Woodchester MansionIt threatened to be a very quiet episode as Cat has spent the last few days suffering with a bad throat. By ‘bad’, we mean acid reflux has sent stomach acid to her throat, which caused acidic burns and ulcers in her throat and mouth, resulting in 3 sleepless nights on the settee watching Monsters and Mysteries on Pick. Our mum and sister kept telling her not to go as she looked so awful. But our belief is, “if we’re not dead, we’re going.” So for last night, she disobeyed doctor’s orders and spent the event downing Ibuprofen, Gaviscon and using a throat spray which tastes like perfume. It meant she could talk, eat and drink without the need for interpretive dance.

Woodchester Mansion

the library

The adventure started badly when we left 45 minutes later than planned then realised we’d forgotten our cameras and had to go back for them. We’re filming a ghost hunting show and we forget the most important pieces of equipment! As soon as eBay start selling memories, we’re upgrading, because our storage capacity is clearly full and has started deleting files. Like Sky Plus does when we record too many programmes and don’t watch them. Then we reached the M5 junction and couldn’t remember whether we went north or south. *Refers you to the sentence about our memories deleting files* We went south. We were wrong. We decided to give Helen another chance, even though the last three times we’ve used her, she abandoned us in Cornwall, sent us to the far end of Wollaton Hall, and sent us on a roundabout route through Bute Park when we were only a hundred feet from our destination. But we figured, everyone makes mistakes, she could redeem herself. Everyone is always telling us to get satnav and we’ve resisted because we don’t trust technology. We’ve heard the horror stories of satnavs directing people to the rough parts of towns where they’re then murdered. Or was that an episode of CSI? Helen repaid our trust by diverting from the AA route planner. When we reached a roundabout we definitely didn’t recognise, we typed the postcode in. And lost service. When we needed Helen the most, she was silent.

We were lost.

Woodchester Mansion

library ceiling

Sensible people would have turned around and retraced their route to the point where it diverted. But this is Calamityville. Being sensible gets you from A to B. We wing it and hope for the best. That gets you stories. One long country road later, we were beginning to think we should give this ‘being sensible’ thing a try and turn around. But there was nowhere to turn around. So we kept going. Our theory is, we would eventually end up somewhere with a road sign. It worked. The sign pointed to Nympsfield. A few minutes later, we spotted the gates to Woodchester. We had somehow circled around and come from the other side. Screw you, Helen, we don’t need you and your unreliability.

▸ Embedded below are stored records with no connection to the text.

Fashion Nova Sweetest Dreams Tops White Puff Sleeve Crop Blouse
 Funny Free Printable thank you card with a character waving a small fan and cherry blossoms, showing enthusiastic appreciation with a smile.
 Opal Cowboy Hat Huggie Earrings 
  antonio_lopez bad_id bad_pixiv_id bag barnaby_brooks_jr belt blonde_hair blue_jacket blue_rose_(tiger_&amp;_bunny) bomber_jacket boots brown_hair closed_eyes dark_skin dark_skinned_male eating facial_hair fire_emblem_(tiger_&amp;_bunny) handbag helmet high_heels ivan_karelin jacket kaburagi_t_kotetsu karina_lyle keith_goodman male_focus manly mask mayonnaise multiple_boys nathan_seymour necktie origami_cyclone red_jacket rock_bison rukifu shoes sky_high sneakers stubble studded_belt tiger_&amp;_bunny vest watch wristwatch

Paul, Dave and Chris were already at the gate. We followed them down. A storm was meant to hit so we tried convincing them to do a rain dance. Dave did a couple of moves. Then we heard rustling in the trees. Rain was coming. Then the clouds’ stomachs burst open and rain escaped like baby face huggers. We leapt back in General Pinkinton, cursing Dave’s rain dance. That’ll teach us to mess with Mother Nature.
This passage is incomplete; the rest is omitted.